# Can Algae Eaters reproduce? I am seeing a new form of something in my tank, looks like babies to me (need help)



## Pinkisweet

*Can Algae Eaters reproduce? I am seeing a new form of something in my tank, looks like babies to me (need help)*


















Now those are from all over the tank floor. There are some hidden as well. They're marked with red circles to identify. 

These pictures below I took as a before and after shot with my digital camera.

















They look awesome, at first I thought they were shells my mom and dad bought. I took a closer look and now they move.

The thing is, I dont know what algea eater it came from. We have two kinds, I need pics of them to identify. I've heard of guppies reproducing to mollies and platys, this was new news to us. Someone please tell help us, we're just as curious to what is happening.

Thanks


----------



## Pac-Man

*Re: Can Algae Eaters reproduce? I am seeing a new form of something in my tank, looks like babies to me (need help)*

they look like snails to me; maybe they came in form some plants you purchased????


----------



## shev

*Re: Can Algae Eaters reproduce? I am seeing a new form of something in my tank, looks like babies to me (need help)*

look like malaysian trumpet snails to me. :fun: 



live bearing snails that reproduce a lot.

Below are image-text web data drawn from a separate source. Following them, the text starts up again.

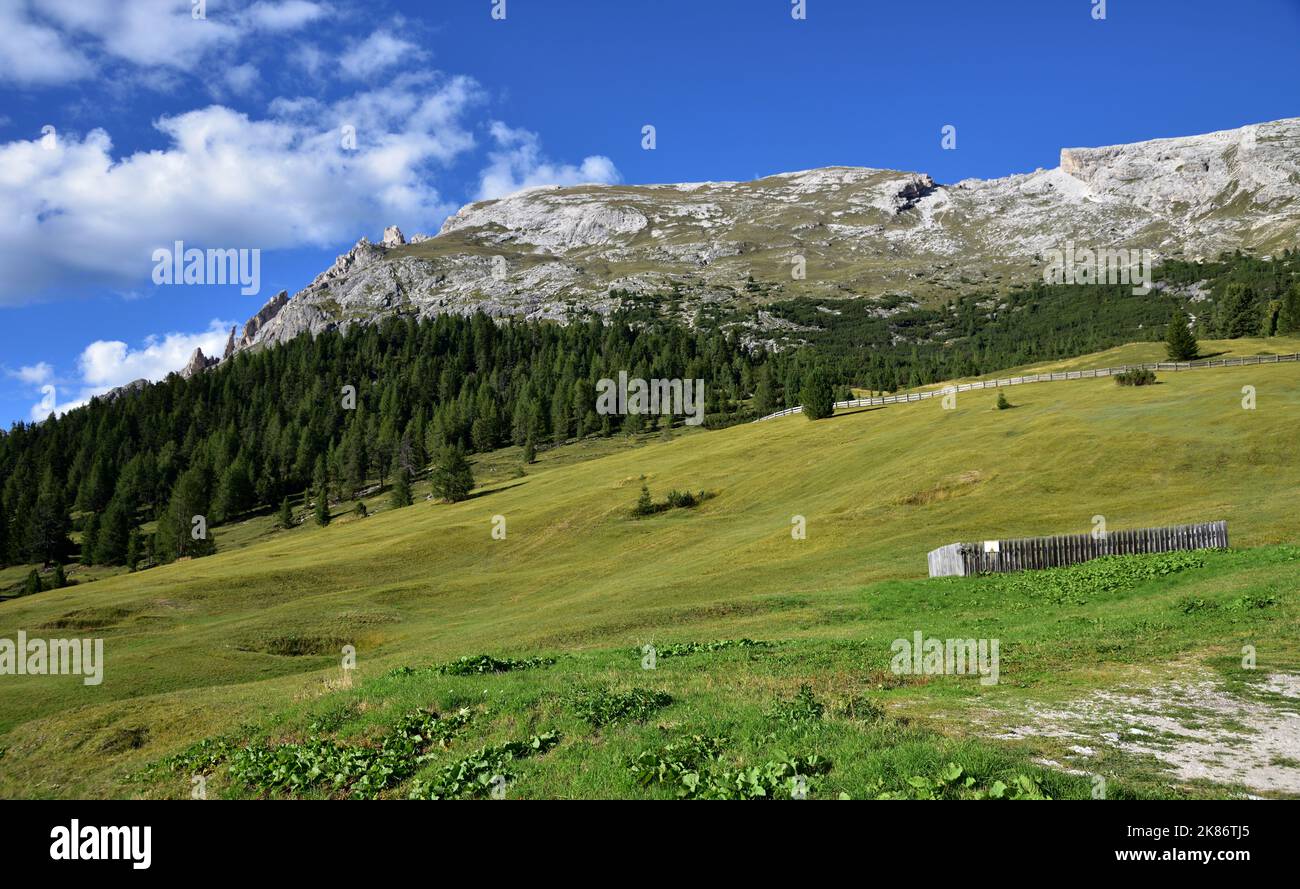 Der Eingang zum Prato Piazza-Hochplateau zeigt links die Basisfelsen des Picco Vallandro, einem 2839 Meter hohen Berg Stockfoto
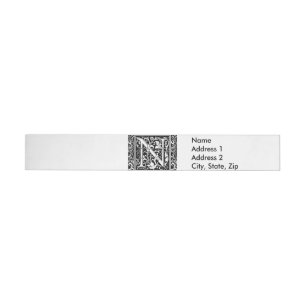 Brief N Middeleeuws Monogram Art Nouveau Omwikkelbaar Adreslabel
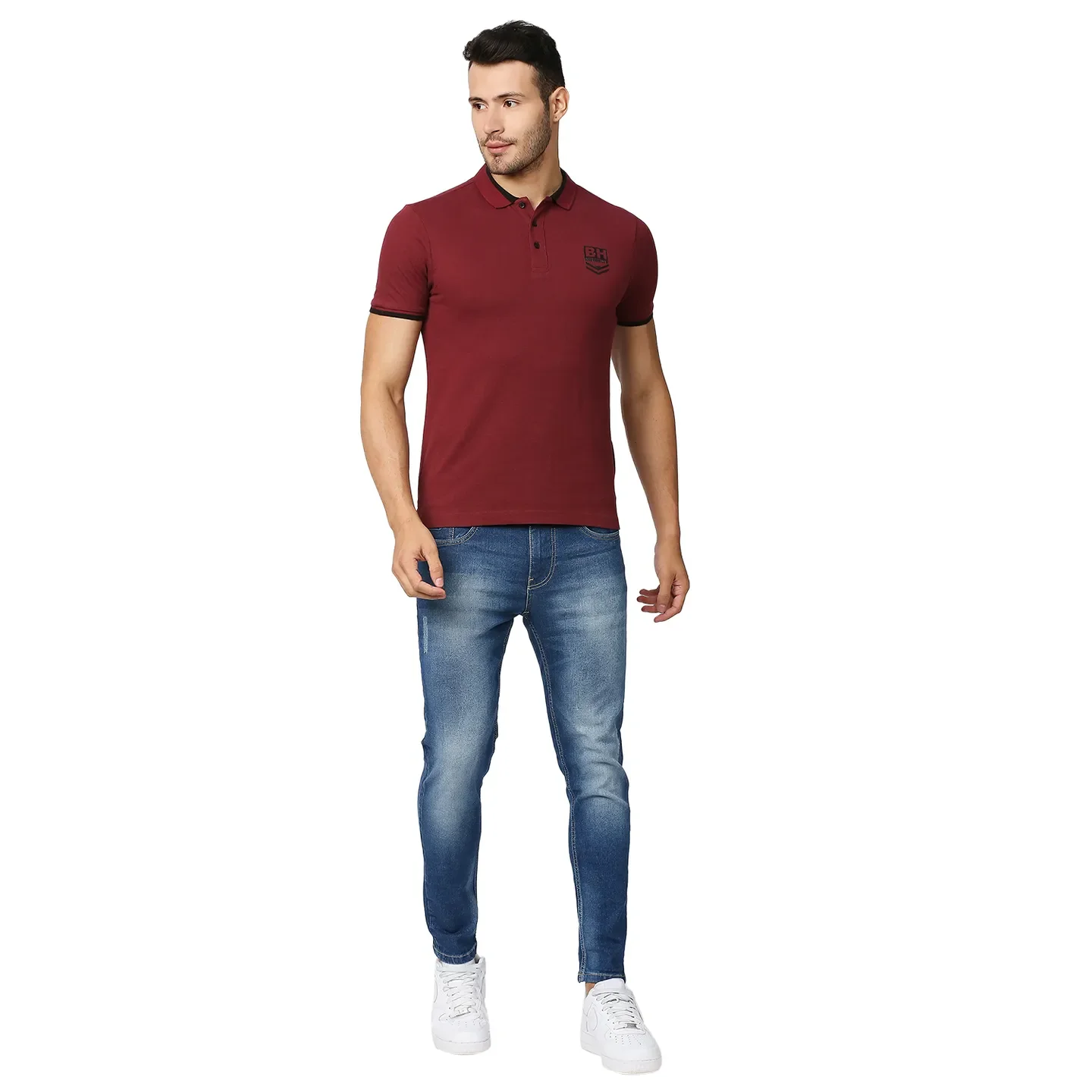 Red Regular Fit Men's Polo T-Shirt by Being Human Clothing - Image 6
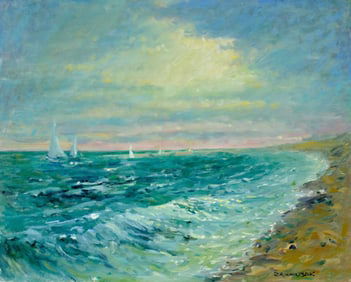 Robert Waltsak (NJ,b 1944) oil painting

> Can Algae Eaters reproduce?


if they couldnt, there wouldnt be any.


----------



## Pinkisweet

*Re: Can Algae Eaters reproduce? I am seeing a new form of something in my tank, looks like babies to me (need help)*

OH wow! My dad bought a two plants about a couple of weeks ago. This would shock him. Can you give me any information on the snails? What do they do? What do they eat? This is still awesome. I kinda had a hunch they didnt come from my algae eaters, but this is sweet. 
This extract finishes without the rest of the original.